Week 1: Unity in the Gospel

  • Primary Texts: 1 Corinthians (overview), Acts 18, 2 Timothy 3:16–17
  • Warm-Up Question:
    • Have you ever jumped into the middle of a movie or series and felt completely lost? How did missing the beginning affect your understanding?
  • BIG IDEA
    • First Corinthians reminds us that the church is called to be formed by Scripture, not shaped by culture.  When the church drifts, God lovingly calls His people to wake up, pursue unity over preference, holiness over hype, and love as the more excellent way.
  • DISCUSSION QUESTIONS
    • Understanding Context
      • Why does it matter that the Bible was written for us, but not directly to us?
      • How can knowing the background of Corinth help us better understand Paul’s tone and urgency in this letter?
      • Flip through 1 Corinthians, taking note of the chapter and paragraph headers.  Which topics are you most excited to learn about?  Which ones do you think will be most controversial?  Why?
    • The Man Behind the Letter
      • How does Paul’s story—from persecutor to pastor—shape the way you hear his words to Corinth?
      • Why is it significant that Paul writes this letter not from comfort, but from suffering and faithfulness?
    • A Church Influenced by Its City
      • Corinth was wealthy, influential, and morally confused.  Where do you see similarities between Corinth and our culture today?
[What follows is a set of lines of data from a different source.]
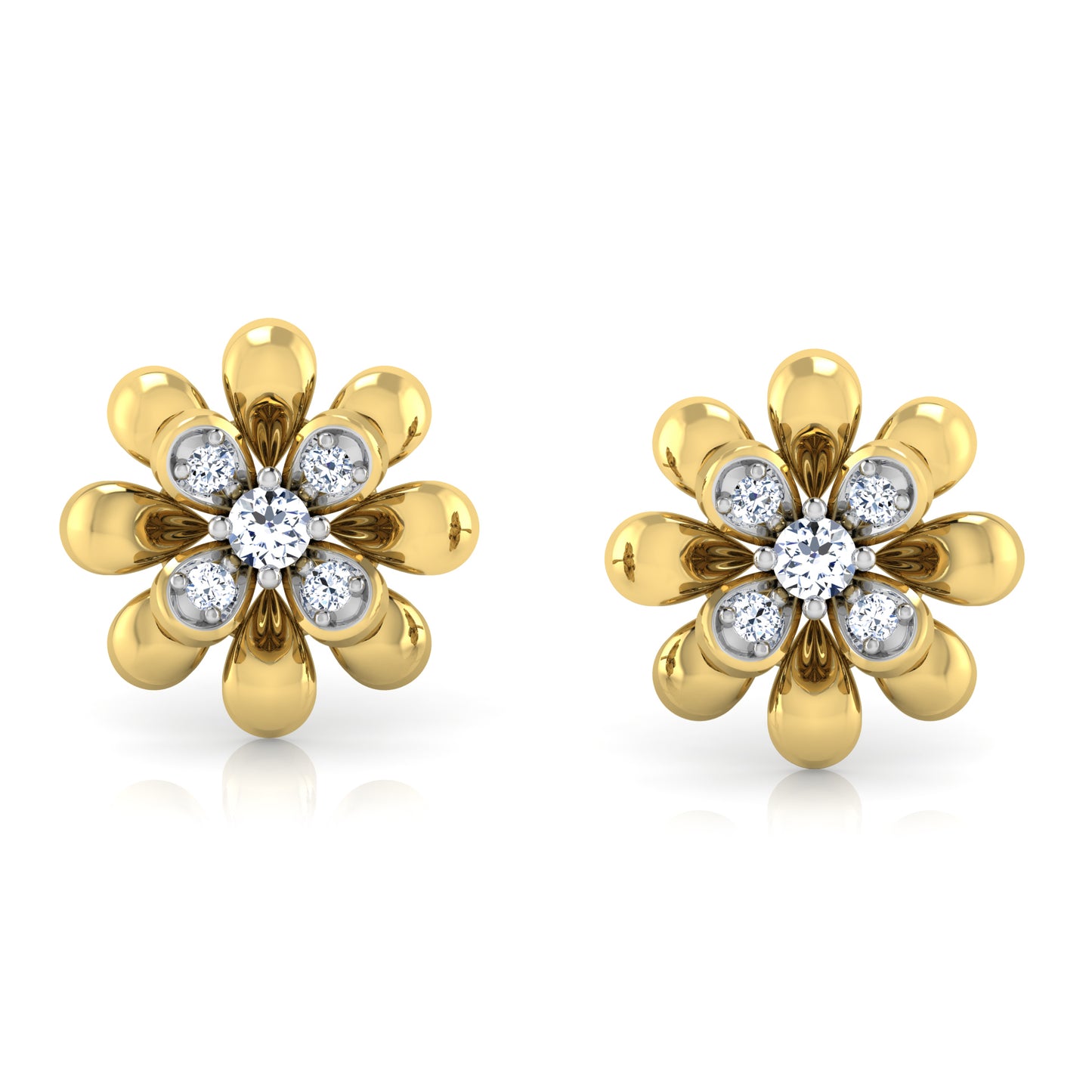 Moonlit Marvel Earrings 18K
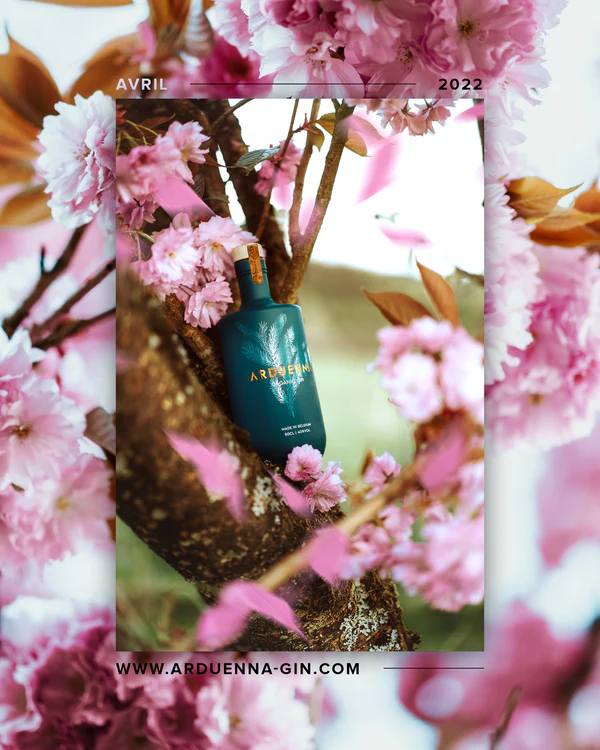 Arduenna Gin, photo de marque par Gautier Collet
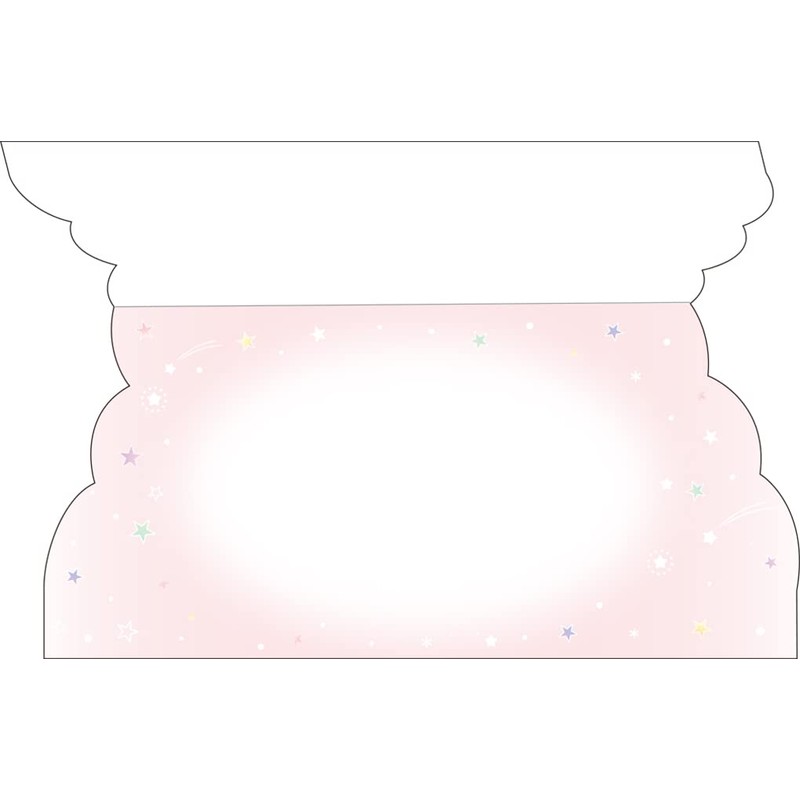 Sanrio Little Twin Stars Pink Starry Sky CD4-1 P 7404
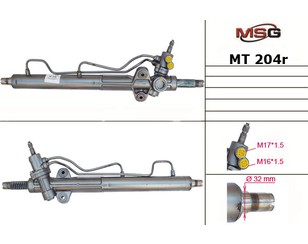 Рейка рулевая для Mitsubishi Pajero/Montero III (V6, V7) 2000-2006 новый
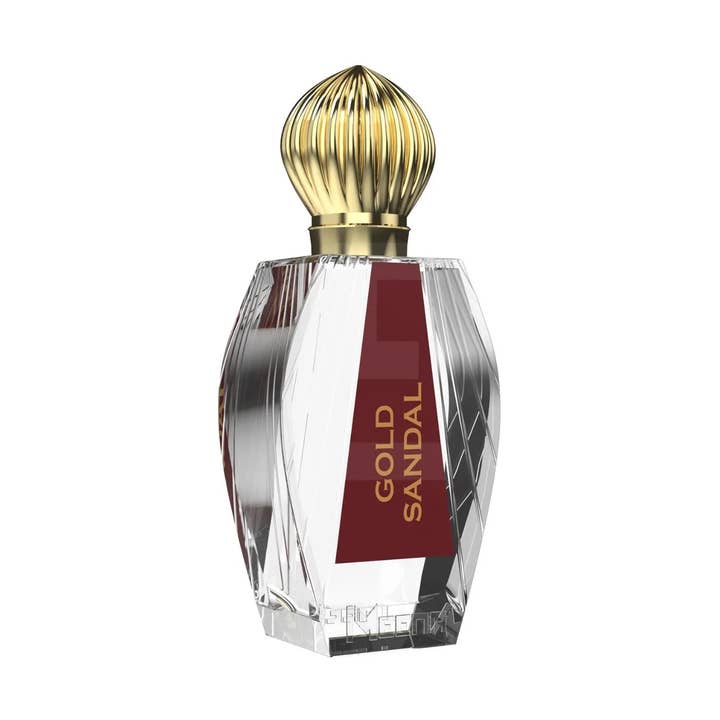 Gold Sandal Perfume Oil (U) 20ml for wholesale by Fragrance Wholesaler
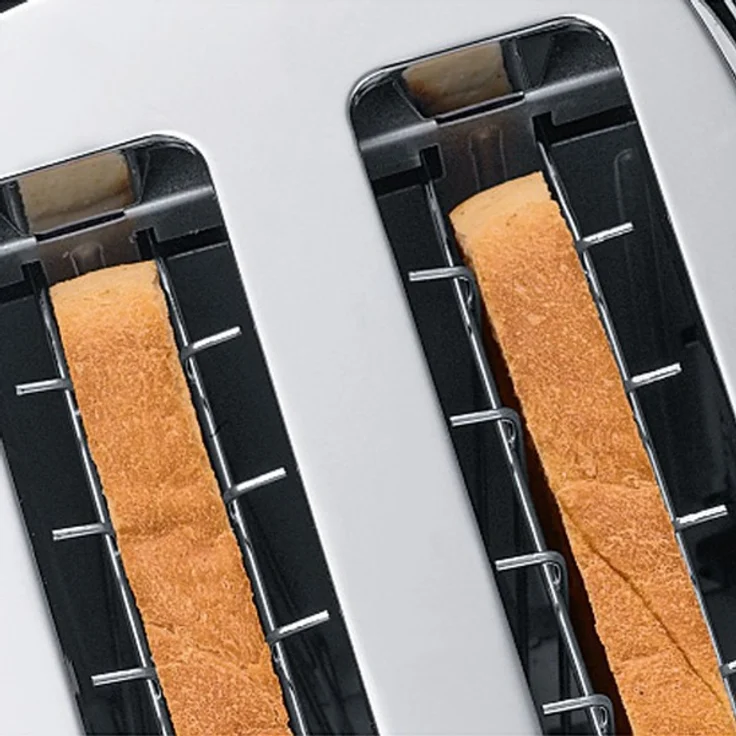 WMF Stelio Toaster Edelstahl, Doppelschlitz-Toaster mit Brötchenaufsatz, 980 W, 7 Bräunungsstufen, Bagel-Funktion, Überhitzungsschutz, edelstahl matt – Bild 8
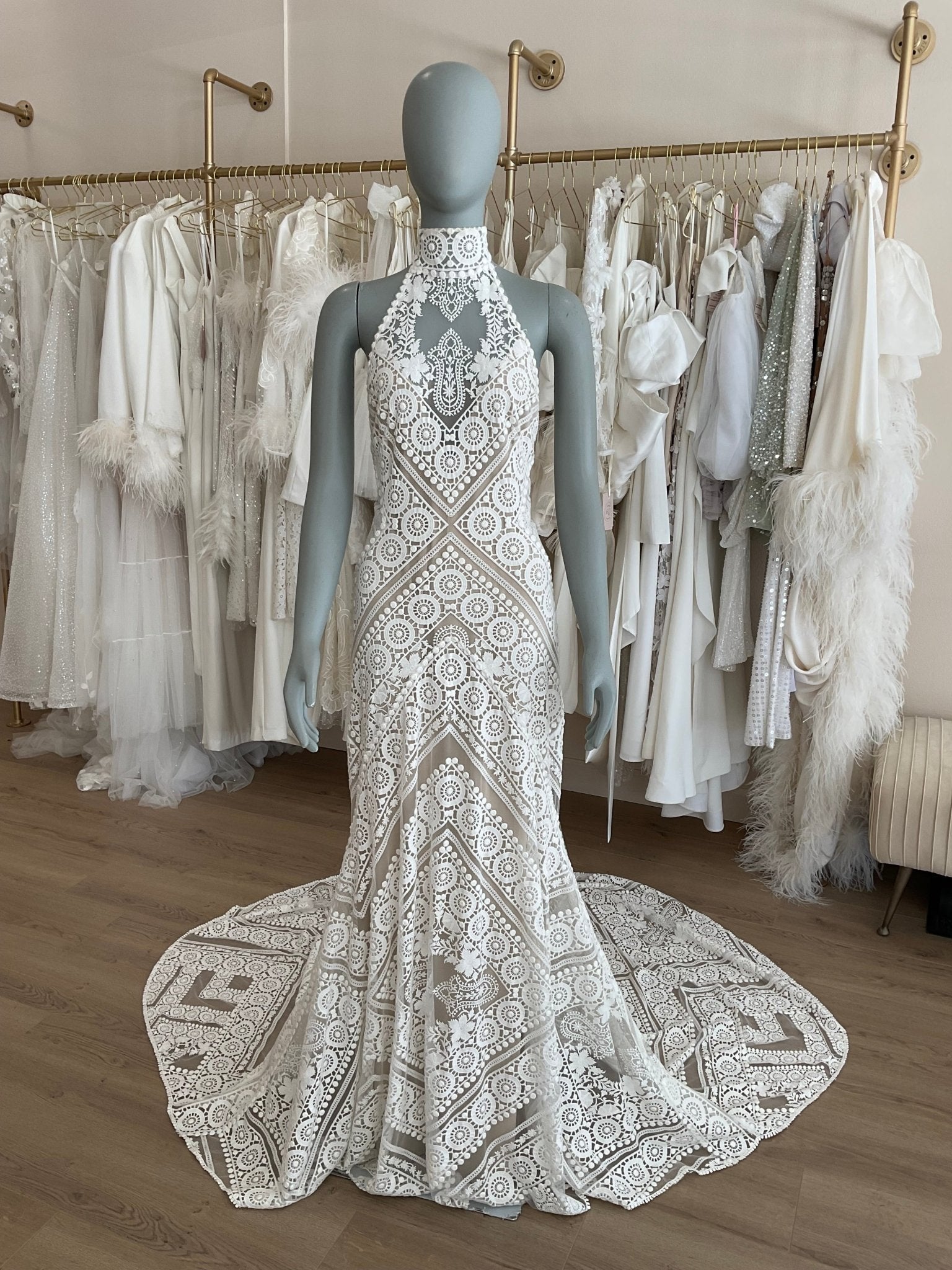 Rue De Seine Bishop l Sample Wedding Dress l Los Angeles Rue De Seine Bishop l Sample Wedding Dress l Los Angeles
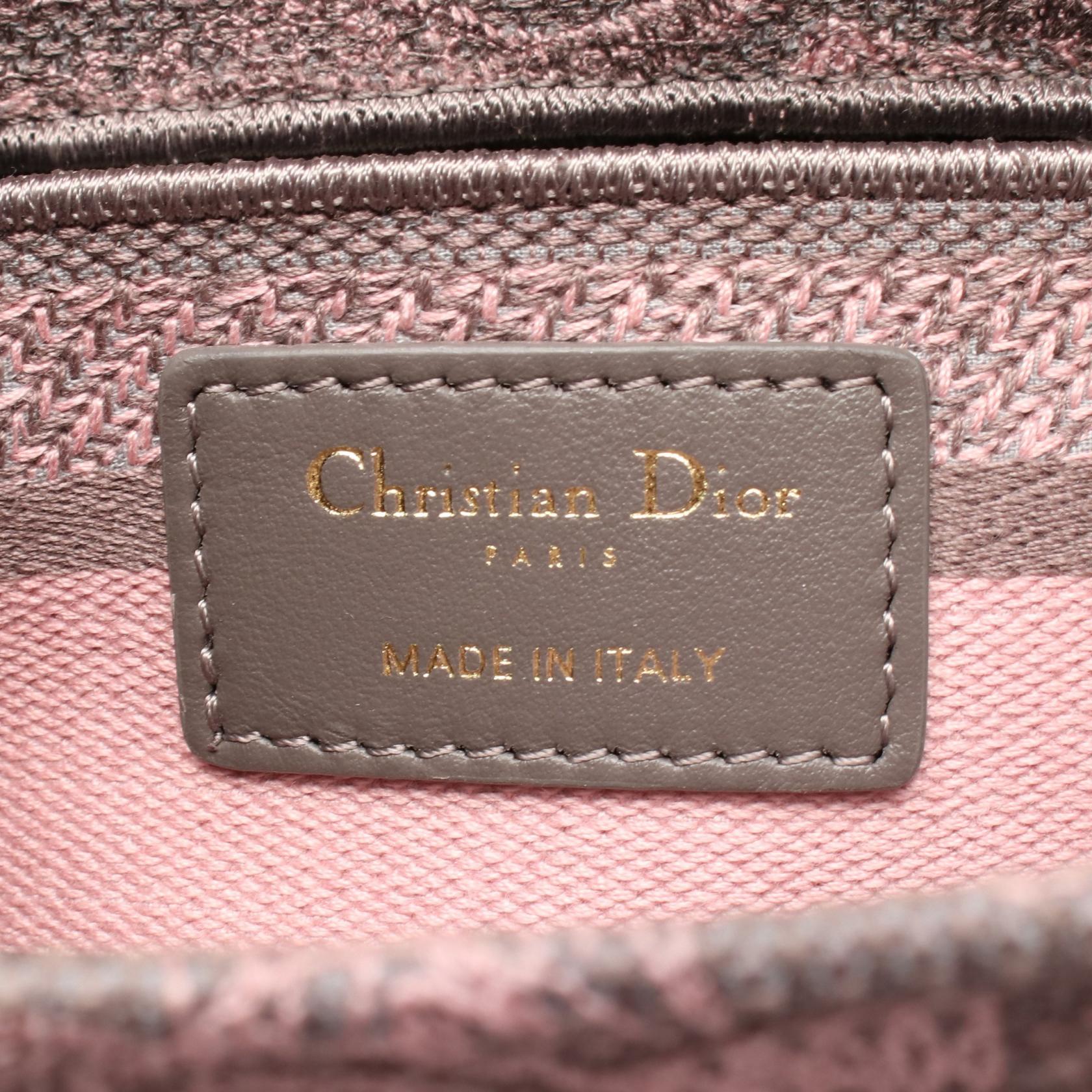 Dior LADY D-JOY Canvas Handbag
      • In what ways can a church today subtly begin to look more like the culture than like Christ?
    • Unity, Preference, and Drift
      • Why do preferences (style, personalities, methods) so easily become sources of division in the church?
      • Paul confronts factions built around leaders instead of Christ.  What modern equivalents of “I follow Paul” or “I follow Apollos” do we see today?
    • Looking in the Mirror
      • The sermon said that reading 1 Corinthians is like looking in a mirror.  What areas of church life—or personal faith—might God want to lovingly correct in you?
      • How does being “sanctified in Christ” give both confidence and responsibility in how we live?
  • LIVING IT OUT
    • Personal Reflection:
      • This week, ask God to show you one area where culture may be shaping your thinking more than Scripture.
    • Prayer Prompt:
      • Pray for unity in your church—specifically that love would outweigh preference and humility would guide conversations.